For official government data – the guardian’s World Government Data Search looks across a range of data catalogues like http://data.gov.uk. Find it at http://www.guardian.co.uk/world-government-data and search for keywords or topics of interest to you.

You can also search http://data.gov.uk direct to browse data my department or topic.

http://ckan.net/ provides a catalogue of open data from many different sources – including government data, NGOs and research projects. It is a good place to ‘register’ any open data you create. It is also wiki-like, meaning any user can edit the records – allowing the creation of ‘collections’ of data on a particular topic: e.g. ‘arms trade’.

ScraperWiki.com provides a collection of ‘scrapers’ which collect structured data from unstructured data-sources (i.e. make open data where the original publisher didn’t provide it).

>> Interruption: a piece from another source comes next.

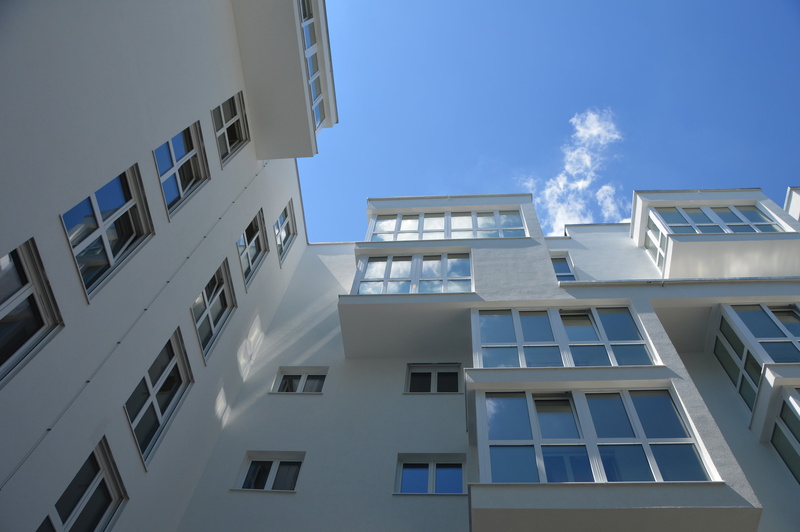 building, cloud - sky, apartment, town home, day, downtown, window, mirroring, sunlight, outdoors, roofs, white, sky, white color, building exterior, live and work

For example, generating a dataset of hospitality received by UK Government Ministers, originally only available as a large collection of different word documents is now here: http://scraperwiki.com/scrapers/government-meetings-with-external-organisations-ne/ and available for download (Update: it’s also now available from http://transparency.number10.gov.uk/)

If you are looking for a particular dataset – it can be worth asking in the data.gov.uk forums, or using the #opendata hash-tag on Twitter.

Data on MPs and voting records is available from www.theyworkforyou.com in the UK, and the PublicWhip.org project collects more detailed voting records and makes them available.

When data isn’t available

Try using the Public Data Unlocking Service to request that data is proactively published: http://www.opsi.gov.uk/unlocking-service/opsipage.aspx?page=unlockindex

If using the Freedom of Information Act to request data, remind the recipient of Francis Maude’s policy statements on the need to provide machine-readable data in return.

If the information is available on websites, but not as structured data – consider putting a request on http://www.scraperwiki.com for someone to build a tool to screen-scrape the data.

Consider using any of the ‘data competitions’ (e.g. http://openup.tso.co.uk) as a higher-profile way to ask for a dataset: emphasizing the government’s focus on accountability through transparency in other sectors such as local authority spending and aid.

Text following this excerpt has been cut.